Nas palavras da amiga e educadora Dora Incontri: “Os livros de Kardec não são como a Bíblia é para os cristãos – palavra de Deus, revelada, que pode ser citada como fonte de autoridade absoluta. A obra de Kardec é de pesquisa, em que encarnados e desencarnados participaram da construção. Justamente uma das grandes contribuições de Kardec foi dessacralizar a revelação. (…) O conteúdo do Espiritismo está sujeito à revisão, reelaboração e leituras históricas (compreendendo que algumas coisas que estão nas obras de Kardec são próprias do século XIX, têm uma influência da cultura europeia da época).”
Todo conhecimento é fruto de seu tempo e devemos olhar com cuidado para todas as outras obras de Kardec, que pregou a fraternidade entre todos/as, o amor ao próximo e a igualdade.
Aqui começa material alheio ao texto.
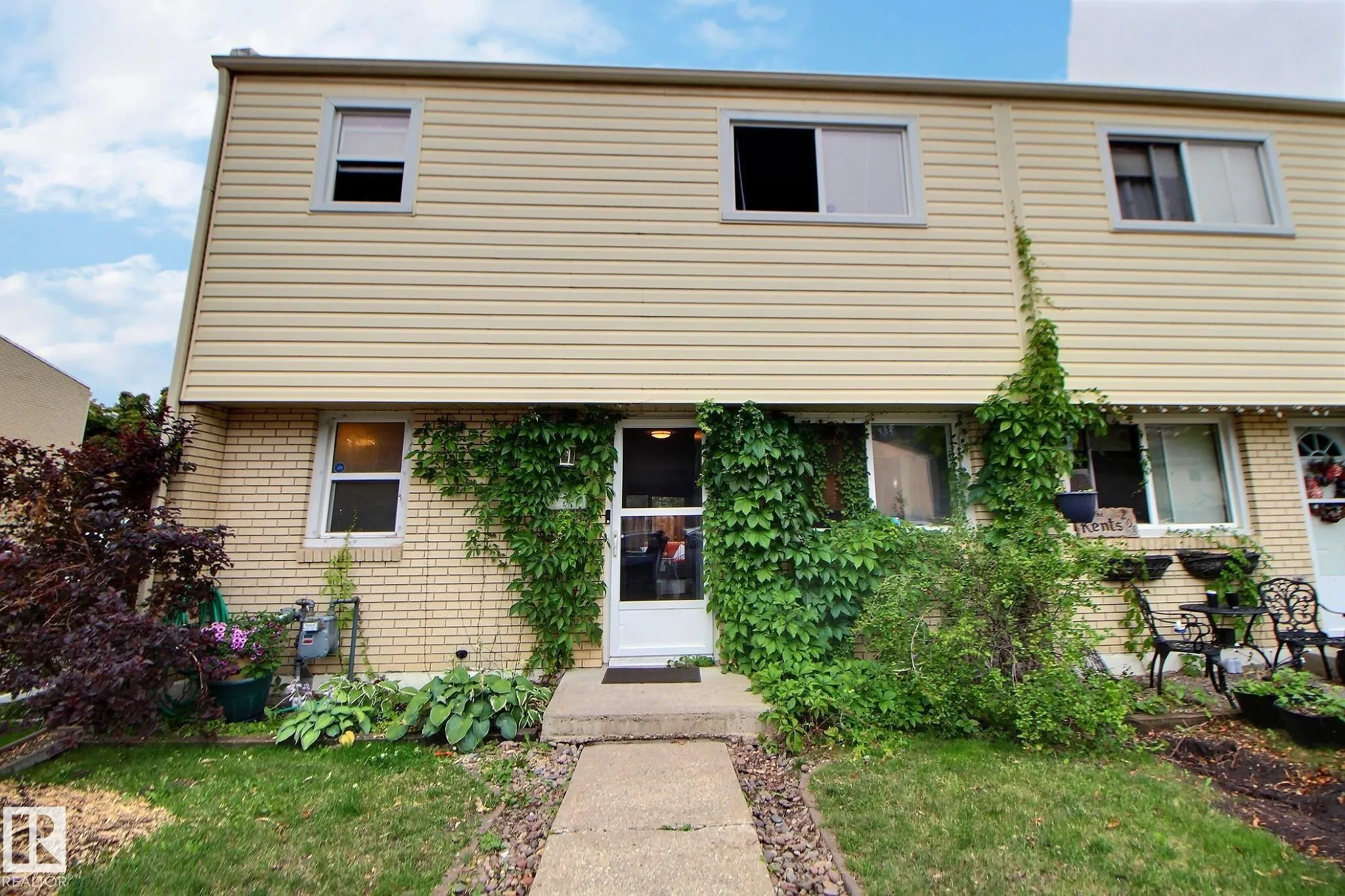 49 ROYAL Road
Esse racismo estrutural, fruto de uma sociedade patriarcal, branca, heteronormativa, machista e preconceituosa, se manifesta, também, em pequenas brincadeiras, em chacotas, em olhares.
O sociólogo Clóvis Moura e o antropólogo Kabengele Munanga alertam que o racismo brasileiro é um fenômeno estrutural e estruturante das relações socioculturais. Moura coloca no centro do debate o racismo como elemento formador do Estado brasileiro. O antropólogo brasileiro-congolês aborda a falsa democracia racial e as particularidades do Brasil em comparação a outros países.
Nós, os/as religiosos/as, temos a obrigação moral de lutar contra todas as formas de opressão, em especial aquelas oriundas de raça e cor. É necessário levantar a discussão, estimular e contribuir para a reflexão e promover ações propositivas para a superação do racismo e do genocídio negro.
É fundamental o diálogo entre comunidades de fé e movimentos sociais, a confecção de materiais educativos que abordem o combate ao racismo e auxiliem na formação de irmãos e irmãs sensíveis aos problemas sociais. O racismo não pode ser tirado do debate no campo da fé.